4. A punching die according to claim 3, characterized in that:

the boosting piece (6) comprises a boosting slide block (62) and a drawing rod (61), wherein the boosting slide block (62) and the drawing rod (61) are arranged in the installation position (51), and the length directions of the boosting slide block (62) and the drawing rod (61) are the same as the length direction of the installation position (51); the pulling rod (61) is arranged on one side of the boosting slide block (62), and the second inclined surface (621) is arranged on the boosting slide block (62);

the pull rod (61) is provided with a convex tooth (611), the boosting slide block (62) is provided with a groove (622) matched with the convex tooth (611), and when the pull rod (61) moves along the length direction of the installation position (51), the convex tooth (611) is embedded into the groove (622) or separated from the groove (622);

when the convex teeth (611) are disengaged from the grooves (622), the boosting slide (62) is pressed so that the boosting slide (62) translates along the width direction of the mounting position (51).

5. The punching die according to claim 4, characterized in that:

the convex teeth (611) are arranged on the side wall of the drawing rod (61), and an included angle alpha is formed between the axis of the convex teeth (611) and the side wall of the drawing rod (61), wherein alpha is more than or equal to 30 degrees and less than or equal to 45 degrees.

6. The punching die according to any one of claims 2 to 5, characterized in that:

the first inclined surface (41) and the lower surface of the guide block (4) form an included angle beta, and beta is more than or equal to 45 degrees and less than or equal to 50 degrees.

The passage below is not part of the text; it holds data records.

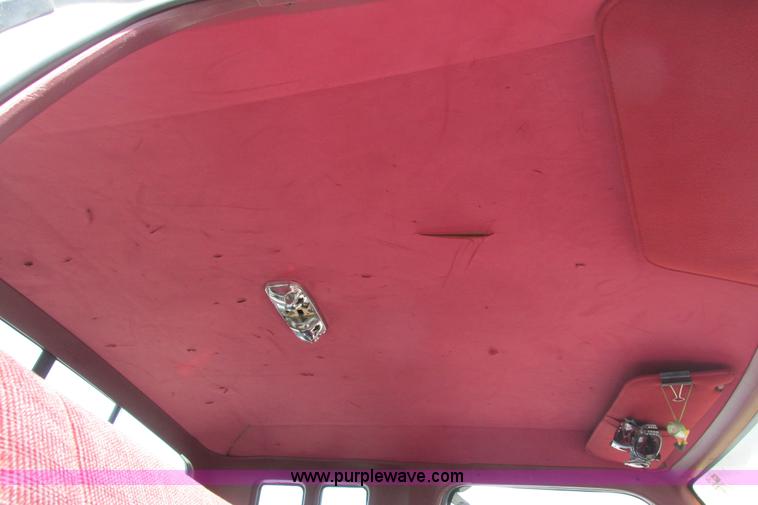 image for item I9678 1987 Ford F150 SuperCab pickup truck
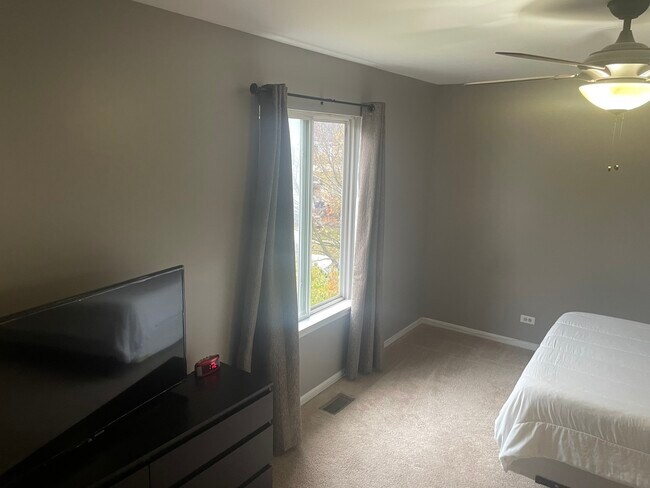Foto del edificio - 1235 S Whispering Hills Dr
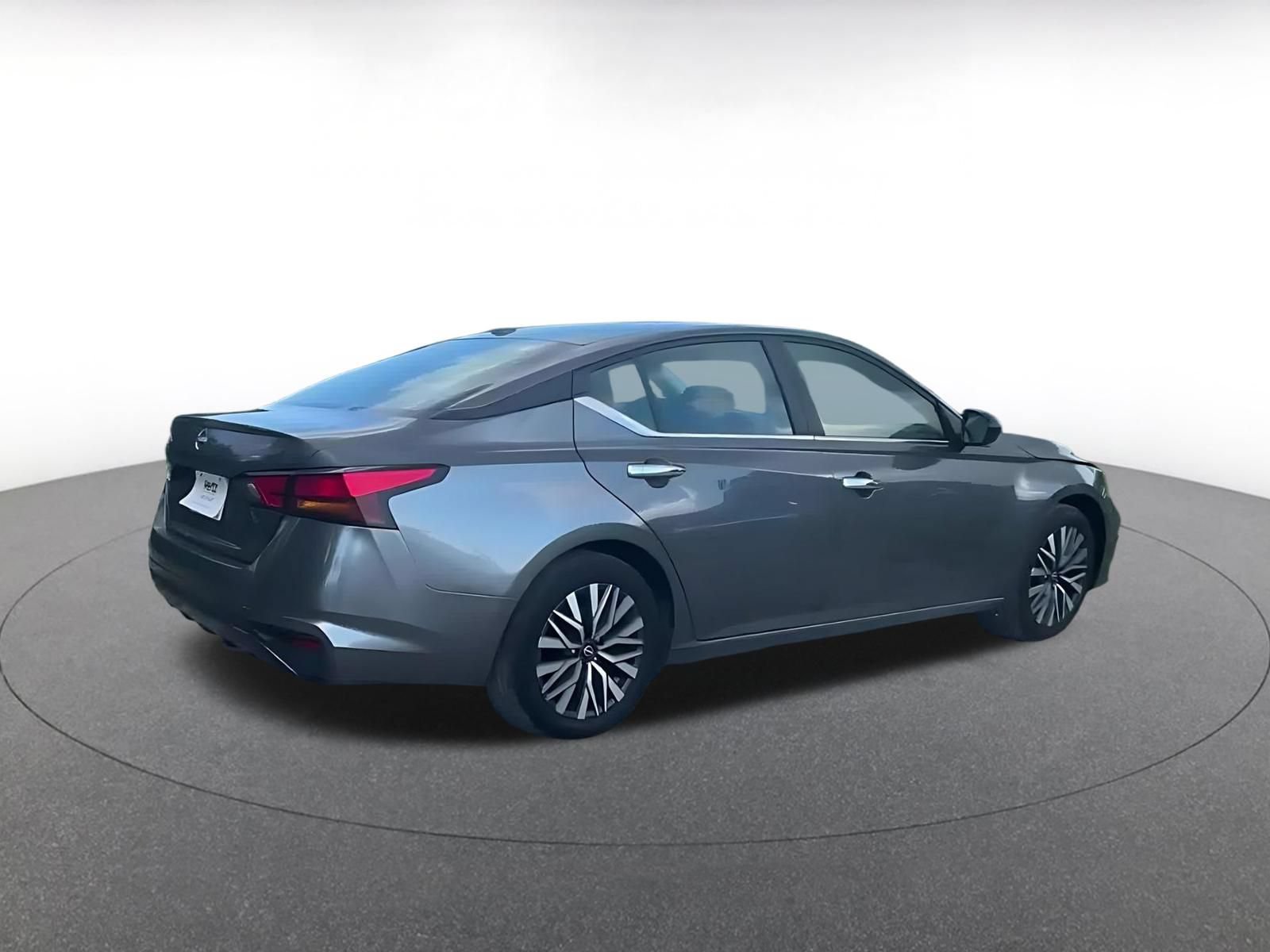 Thumbnail: 2025 Nissan Altima - 15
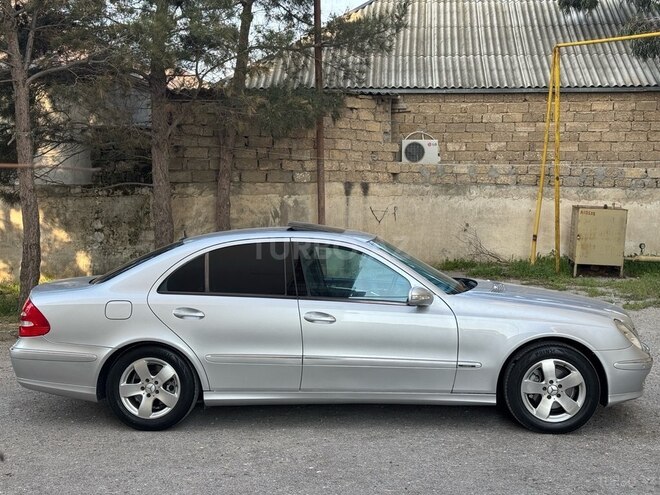 Mercedes E 240 2002, 358,700 km - 2.4 л - Bakı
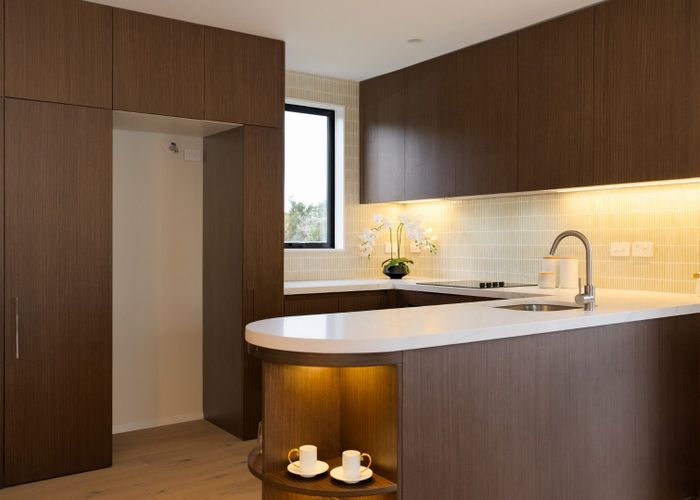  at 182 Tripoli Road, Point England, Auckland City, Auckland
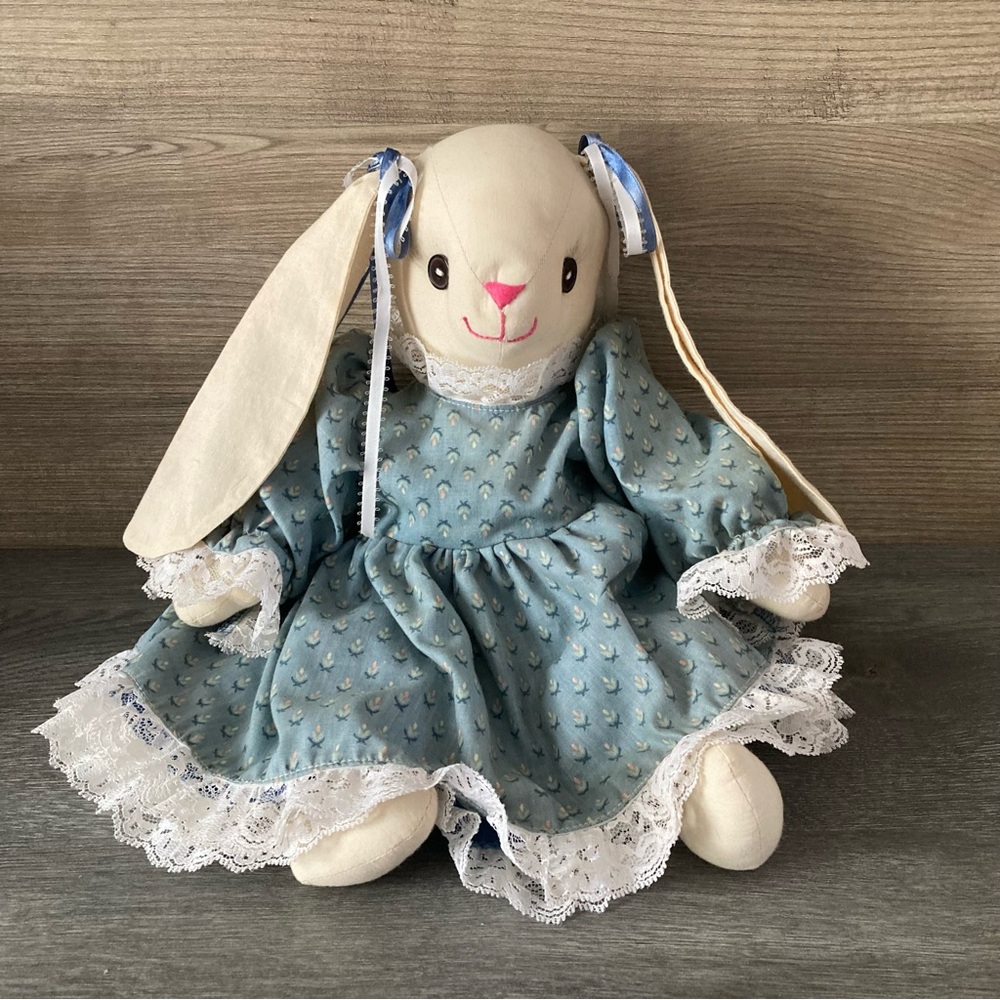 Vintage Handmade Floppy-Eared Country Bunny
Rabbit Doll Shelf Sitter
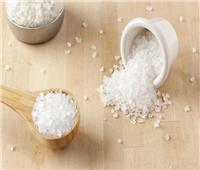 نوع من الملح يمكن أن يساعدك على التخلص من البثور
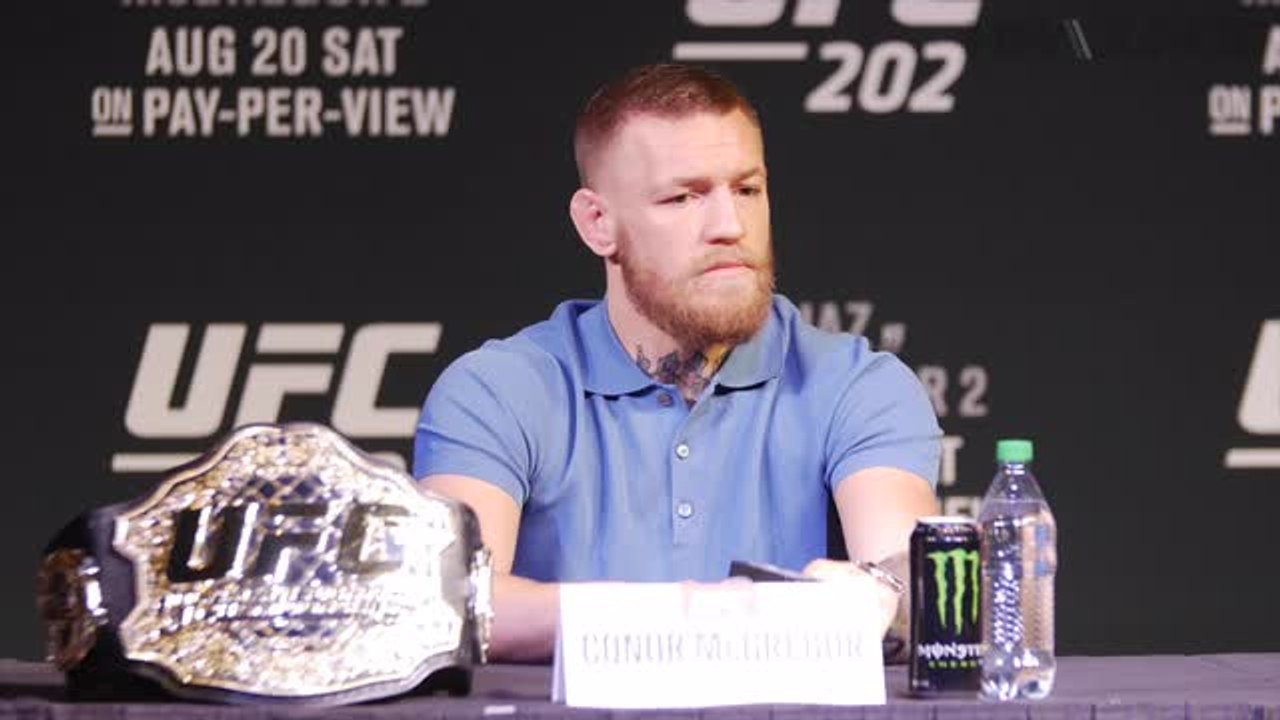 Conor McGregor shows up late, brings verbal jabs to UFC 202 pre-fight press conference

7. The punching die according to any one of claims 3 to 5, characterized in that:

the second mounting substrate (5) is provided with a limiting surface (52), and the limiting surface (52) is positioned at the edge of the mounting position (51) and is matched with the first inclined surface (41).

8. The punching die according to any one of claims 1 to 5, characterized in that:

the two elastic pieces (2) are arranged, the two elastic pieces (2) are oppositely arranged at the edges opposite to the punching positions (11), and the elastic pieces (2) are used for resetting the punch (3) when the punch (3) is pressed down to punch.

9. A punching device comprising a main body, characterized in that: the punching die according to any one of claims 1 to 8 is mounted on the main body.